**Your objective**
Copy the data exactly. Leave nothing out.

**Given records**
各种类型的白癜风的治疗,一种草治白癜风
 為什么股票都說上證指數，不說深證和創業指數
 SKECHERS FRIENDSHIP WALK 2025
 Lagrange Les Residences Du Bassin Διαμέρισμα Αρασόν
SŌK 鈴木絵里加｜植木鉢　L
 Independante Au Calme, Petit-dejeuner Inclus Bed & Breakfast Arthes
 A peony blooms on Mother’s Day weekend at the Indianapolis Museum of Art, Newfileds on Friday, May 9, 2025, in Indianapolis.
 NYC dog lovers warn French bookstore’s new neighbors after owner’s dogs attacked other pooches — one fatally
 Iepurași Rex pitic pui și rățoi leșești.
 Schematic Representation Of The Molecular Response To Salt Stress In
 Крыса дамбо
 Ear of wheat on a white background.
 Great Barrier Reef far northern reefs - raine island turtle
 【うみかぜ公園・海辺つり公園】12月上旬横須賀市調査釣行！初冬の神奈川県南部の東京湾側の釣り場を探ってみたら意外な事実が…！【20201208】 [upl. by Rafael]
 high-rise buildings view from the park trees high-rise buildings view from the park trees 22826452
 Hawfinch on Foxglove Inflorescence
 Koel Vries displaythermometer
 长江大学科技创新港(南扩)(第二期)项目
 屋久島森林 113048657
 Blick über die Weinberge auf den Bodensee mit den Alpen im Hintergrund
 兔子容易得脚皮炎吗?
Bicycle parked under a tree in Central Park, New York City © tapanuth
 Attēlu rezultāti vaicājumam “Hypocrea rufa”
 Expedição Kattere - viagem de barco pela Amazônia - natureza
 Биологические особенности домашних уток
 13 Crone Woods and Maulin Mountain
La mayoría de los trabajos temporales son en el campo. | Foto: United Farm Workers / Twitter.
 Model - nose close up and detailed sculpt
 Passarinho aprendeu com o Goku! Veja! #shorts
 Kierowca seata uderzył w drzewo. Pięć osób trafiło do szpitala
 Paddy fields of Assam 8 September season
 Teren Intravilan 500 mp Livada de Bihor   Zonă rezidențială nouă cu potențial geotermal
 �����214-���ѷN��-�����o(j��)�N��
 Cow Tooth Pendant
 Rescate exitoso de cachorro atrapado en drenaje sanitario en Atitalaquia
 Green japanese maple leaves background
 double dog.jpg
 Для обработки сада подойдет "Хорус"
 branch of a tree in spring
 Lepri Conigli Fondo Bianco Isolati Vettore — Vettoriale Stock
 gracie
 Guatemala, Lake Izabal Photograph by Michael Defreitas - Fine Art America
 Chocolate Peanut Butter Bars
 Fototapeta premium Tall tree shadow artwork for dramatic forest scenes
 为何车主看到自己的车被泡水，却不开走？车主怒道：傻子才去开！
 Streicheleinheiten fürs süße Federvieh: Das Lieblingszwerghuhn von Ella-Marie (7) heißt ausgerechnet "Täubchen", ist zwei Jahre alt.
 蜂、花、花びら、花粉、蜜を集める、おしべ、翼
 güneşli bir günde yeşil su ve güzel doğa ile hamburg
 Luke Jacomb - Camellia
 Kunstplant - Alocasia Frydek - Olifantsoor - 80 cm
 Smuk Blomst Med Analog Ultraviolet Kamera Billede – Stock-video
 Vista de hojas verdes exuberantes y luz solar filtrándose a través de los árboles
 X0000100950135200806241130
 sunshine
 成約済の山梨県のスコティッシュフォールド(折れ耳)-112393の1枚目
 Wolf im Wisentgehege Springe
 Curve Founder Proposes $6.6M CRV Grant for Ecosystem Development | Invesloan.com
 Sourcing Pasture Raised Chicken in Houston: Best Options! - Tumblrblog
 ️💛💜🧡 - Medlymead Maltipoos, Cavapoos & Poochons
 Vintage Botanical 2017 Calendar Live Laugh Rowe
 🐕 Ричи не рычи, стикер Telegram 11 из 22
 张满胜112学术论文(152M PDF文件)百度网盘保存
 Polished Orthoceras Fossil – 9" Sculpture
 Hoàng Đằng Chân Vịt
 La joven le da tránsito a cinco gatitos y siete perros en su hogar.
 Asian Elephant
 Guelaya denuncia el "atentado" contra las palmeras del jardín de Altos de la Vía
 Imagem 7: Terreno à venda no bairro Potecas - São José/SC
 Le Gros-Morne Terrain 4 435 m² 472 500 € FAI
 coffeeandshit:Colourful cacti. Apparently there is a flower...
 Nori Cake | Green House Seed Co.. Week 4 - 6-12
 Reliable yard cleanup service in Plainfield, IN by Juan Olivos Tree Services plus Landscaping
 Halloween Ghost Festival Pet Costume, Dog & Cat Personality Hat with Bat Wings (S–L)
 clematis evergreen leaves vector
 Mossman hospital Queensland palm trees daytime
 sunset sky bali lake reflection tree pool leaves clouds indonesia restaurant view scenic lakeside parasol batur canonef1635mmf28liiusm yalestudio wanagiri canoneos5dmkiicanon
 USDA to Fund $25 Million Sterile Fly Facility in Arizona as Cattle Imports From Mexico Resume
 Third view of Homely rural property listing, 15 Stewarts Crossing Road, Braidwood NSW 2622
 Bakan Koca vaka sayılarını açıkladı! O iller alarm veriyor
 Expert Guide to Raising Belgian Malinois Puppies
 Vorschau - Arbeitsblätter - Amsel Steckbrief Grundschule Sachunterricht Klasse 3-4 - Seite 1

**The completed task**
各种类型的白癜风的治疗,一种草治白癜风
 為什么股票都說上證指數，不說深證和創業指數
 SKECHERS FRIENDSHIP WALK 2025
 Lagrange Les Residences Du Bassin Διαμέρισμα Αρασόν
SŌK 鈴木絵里加｜植木鉢　L
 Independante Au Calme, Petit-dejeuner Inclus Bed & Breakfast Arthes
 A peony blooms on Mother’s Day weekend at the Indianapolis Museum of Art, Newfileds on Friday, May 9, 2025, in Indianapolis.
 NYC dog lovers warn French bookstore’s new neighbors after owner’s dogs attacked other pooches — one fatally
 Iepurași Rex pitic pui și rățoi leșești.
 Schematic Representation Of The Molecular Response To Salt Stress In
 Крыса дамбо
 Ear of wheat on a white background.
 Great Barrier Reef far northern reefs - raine island turtle
 【うみかぜ公園・海辺つり公園】12月上旬横須賀市調査釣行！初冬の神奈川県南部の東京湾側の釣り場を探ってみたら意外な事実が…！【20201208】 [upl. by Rafael]
 high-rise buildings view from the park trees high-rise buildings view from the park trees 22826452
 Hawfinch on Foxglove Inflorescence
 Koel Vries displaythermometer
 长江大学科技创新港(南扩)(第二期)项目
 屋久島森林 113048657
 Blick über die Weinberge auf den Bodensee mit den Alpen im Hintergrund
 兔子容易得脚皮炎吗?
Bicycle parked under a tree in Central Park, New York City © tapanuth
 Attēlu rezultāti vaicājumam “Hypocrea rufa”
 Expedição Kattere - viagem de barco pela Amazônia - natureza
 Биологические особенности домашних уток
 13 Crone Woods and Maulin Mountain
La mayoría de los trabajos temporales son en el campo. | Foto: United Farm Workers / Twitter.
 Model - nose close up and detailed sculpt
 Passarinho aprendeu com o Goku! Veja! #shorts
 Kierowca seata uderzył w drzewo. Pięć osób trafiło do szpitala
 Paddy fields of Assam 8 September season
 Teren Intravilan 500 mp Livada de Bihor   Zonă rezidențială nouă cu potențial geotermal
 �����214-���ѷN��-�����o(j��)�N��
 Cow Tooth Pendant
 Rescate exitoso de cachorro atrapado en drenaje sanitario en Atitalaquia
 Green japanese maple leaves background
 double dog.jpg
 Для обработки сада подойдет "Хорус"
 branch of a tree in spring
 Lepri Conigli Fondo Bianco Isolati Vettore — Vettoriale Stock
 gracie
 Guatemala, Lake Izabal Photograph by Michael Defreitas - Fine Art America
 Chocolate Peanut Butter Bars
 Fototapeta premium Tall tree shadow artwork for dramatic forest scenes
 为何车主看到自己的车被泡水，却不开走？车主怒道：傻子才去开！
 Streicheleinheiten fürs süße Federvieh: Das Lieblingszwerghuhn von Ella-Marie (7) heißt ausgerechnet "Täubchen", ist zwei Jahre alt.
 蜂、花、花びら、花粉、蜜を集める、おしべ、翼
 güneşli bir günde yeşil su ve güzel doğa ile hamburg
 Luke Jacomb - Camellia
 Kunstplant - Alocasia Frydek - Olifantsoor - 80 cm
 Smuk Blomst Med Analog Ultraviolet Kamera Billede – Stock-video
 Vista de hojas verdes exuberantes y luz solar filtrándose a través de los árboles
 X0000100950135200806241130
 sunshine
 成約済の山梨県のスコティッシュフォールド(折れ耳)-112393の1枚目
 Wolf im Wisentgehege Springe
 Curve Founder Proposes $6.6M CRV Grant for Ecosystem Development | Invesloan.com
 Sourcing Pasture Raised Chicken in Houston: Best Options! - Tumblrblog
 ️💛💜🧡 - Medlymead Maltipoos, Cavapoos & Poochons
 Vintage Botanical 2017 Calendar Live Laugh Rowe
 🐕 Ричи не рычи, стикер Telegram 11 из 22
 张满胜112学术论文(152M PDF文件)百度网盘保存
 Polished Orthoceras Fossil – 9" Sculpture
 Hoàng Đằng Chân Vịt
 La joven le da tránsito a cinco gatitos y siete perros en su hogar.
 Asian Elephant
 Guelaya denuncia el "atentado" contra las palmeras del jardín de Altos de la Vía
 Imagem 7: Terreno à venda no bairro Potecas - São José/SC
 Le Gros-Morne Terrain 4 435 m² 472 500 € FAI
 coffeeandshit:Colourful cacti. Apparently there is a flower...
 Nori Cake | Green House Seed Co.. Week 4 - 6-12
 Reliable yard cleanup service in Plainfield, IN by Juan Olivos Tree Services plus Landscaping
 Halloween Ghost Festival Pet Costume, Dog & Cat Personality Hat with Bat Wings (S–L)
 clematis evergreen leaves vector
 Mossman hospital Queensland palm trees daytime
 sunset sky bali lake reflection tree pool leaves clouds indonesia restaurant view scenic lakeside parasol batur canonef1635mmf28liiusm yalestudio wanagiri canoneos5dmkiicanon
 USDA to Fund $25 Million Sterile Fly Facility in Arizona as Cattle Imports From Mexico Resume
 Third view of Homely rural property listing, 15 Stewarts Crossing Road, Braidwood NSW 2622
 Bakan Koca vaka sayılarını açıkladı! O iller alarm veriyor
 Expert Guide to Raising Belgian Malinois Puppies
 Vorschau - Arbeitsblätter - Amsel Steckbrief Grundschule Sachunterricht Klasse 3-4 - Seite 1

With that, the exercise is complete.